Pour autant, l’Ordre en sa qualité d’instance ordinale et non scientifique ne saurait se substituer aux instances scientifiquement compétentes, d’autant plus que des recommandations de la HAS sur la prise en charge des troubles urinaires sont annoncées pour novembre 2026. Dans ce cadre, nous recommandons aux sages-femmes de toujours s’assurer d’inscrire leur prise en charge dans un cadre préventif, conformément à l’article L4151-1 et R4127-308 du code de la santé publique.

POUR RESUMER :
1°) Les sages-femmes sont habilitées à réaliser la rééducation pelvi-périnéale, dans le cadre du post-partum (article L4151-1) ;
2°) Les sages-femmes ne sont plus habilitées à réaliser la rééducation pelvi périnéale sur prescription médicale ;
3°) Les sages-femmes peuvent réaliser la rééducation pelvi-périnéale chez une femme ayant accouché ou n’ayant jamais accouché, sans pathologie avérée, dès lors que celle-ci répond à un traitement de première intention et que les recommandations savantes le recommandent.

 

2 – Concernant les unités d’hospitalisation de gynécologie ainsi que leurs urgences

Depuis le 31 décembre 2025, les sages-femmes ne peuvent plus réaliser les soins infirmiers dans les services de chirurgie en gynécologie.
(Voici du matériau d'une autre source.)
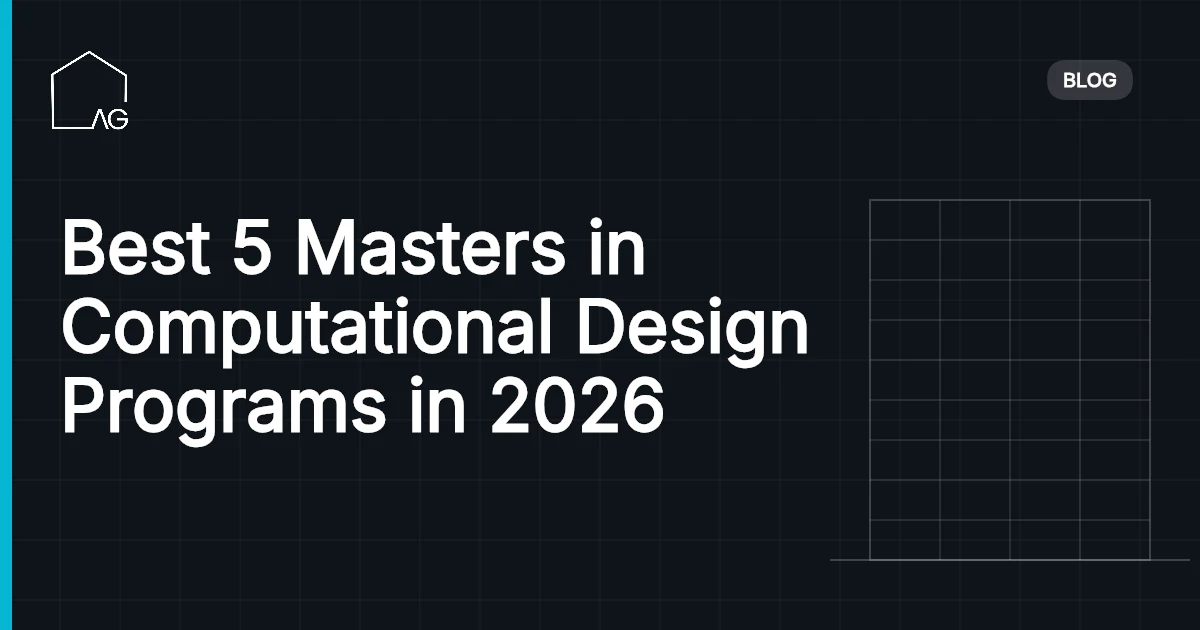 Best 5 Masters in Computational Design Programs in 2026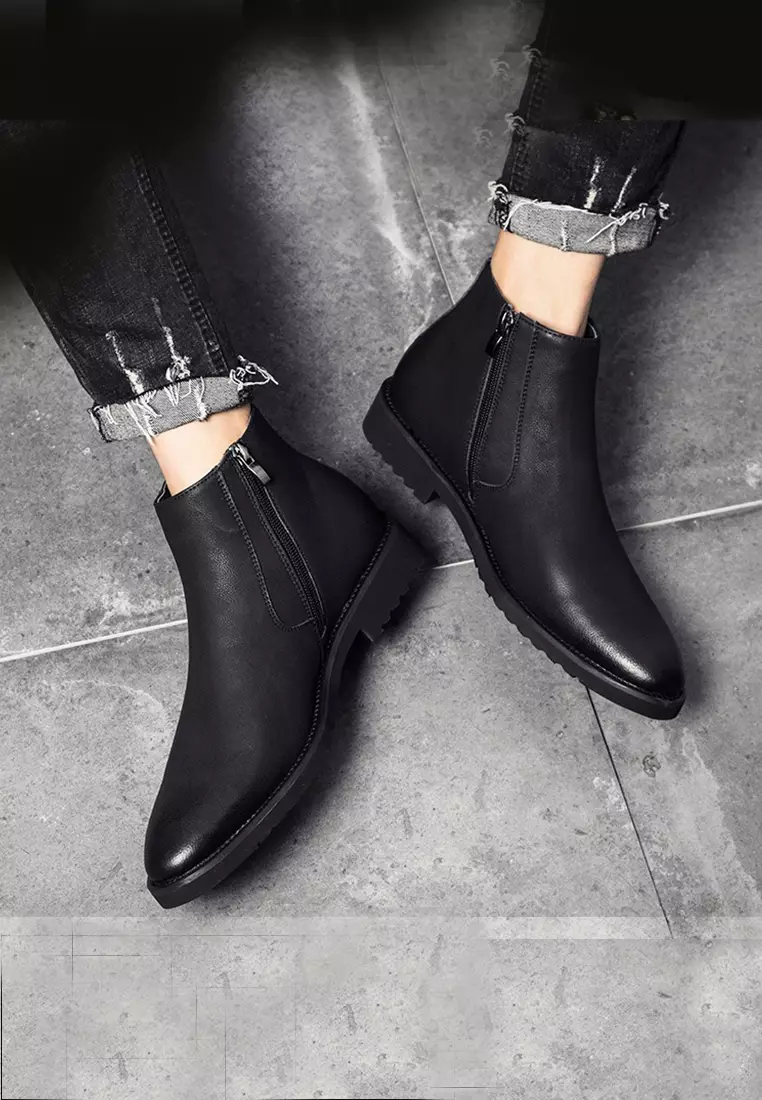 Low rise boots online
Concrètement, elles ne peuvent pas, y compris sur prescription médicale, prendre en charge, les suites de toute chirurgie gynécologique ou pathologie gynécologique nécessitant une hospitalisation.

Concernant les urgences gynécologiques hors contexte de grossesse :  Si l’acte a également pour indication une pathologie gynécologique, ne relevant donc pas du domaine de compétence légal des sages-femmes, ces dernières ne peuvent pas dispenser les soins.

Pour autant, afin de déterminer si le motif de la consultation relève du champ obstétrical ou gynécologique, et s’il s’agit ou non d’une pathologie, la sage-femme doit procéder à un examen. Concrètement, la première étape, à savoir l’anamnèse, est non seulement possible mais indispensable. C’est elle qui permet à la sage-femme, en complément de l’éventuel évaluation réalisée par l’infirmier d’accueil et d’orientation, de déterminer si la situation relève de son champ de compétences ou si la patiente doit être orientée vers un médecin. Dans la même logique, la prescription d’examens paracliniques comme un bilan biologique ou certains geste destinés à stabiliser l’état de la patiente, sont nécessaires avant de déterminer la conduite à tenir : poursuivre la prise en charge ou orienter la patiente vers un médecin.

Par ailleurs, lorsqu’une situation relève d’une urgence vitale immédiate mettant en jeu la vie de la patiente, la sage-femme est tenue par un devoir d’assistance.

A ce titre, l’article R. 4127-317 du Code de la santé publique dispose que « La sage-femme qui se trouve en présence d’une personne en péril lui porte assistance ou s’assure qu’elle reçoit les soins nécessaires. »

Dans ce cadre, et uniquement lorsque le danger est grave et immédiat, la sage-femme peut, au regard de son devoir d’assistance, être amenée à participer à la prise en charge de la patiente.

Néanmoins, il lui appartiendra d’apprécier au cas par cas les situations susceptibles de constituer une urgence vitale immédiate, en s’interrogeant sur le caractère grave et imminent du danger et si la réalisation de l’acte est indispensable à la survie de la patiente.

 

Au-delà de valoriser le cœur de métier des sages-femmes et de se différencier des infirmières spécialisées, ce cadre prémunit les sages-femmes contre toute mise en cause de leur responsabilité dans un domaine où elles ne sont pas, légalement, habilitées pour intervenir.

Là où les sages-femmes étaient auparavant sollicitées, par habitude institutionnelle, proximité des services ou unité de gynécologie intégrée aux unités d’obstétrique, il appartient dorénavant aux représentants légaux des établissements de santé, de repenser leur organisation des soins en conséquence.

Si les conséquences de la suppression de cet article peuvent susciter des craintes, la place de la sage-femme n’est pas remise en cause, tant au regard des principaux motifs de recours aux urgences que de son champ de compétence légal.

Enfin, le Conseil national est actuellement associé aux travaux de la HAS portant sur les ratios soignants en périnatalité. La place des sages-femmes au sein des suites de couches, où leur rôle est primordial, est un sujet évidemment au cœur du plaidoyer du Conseil national.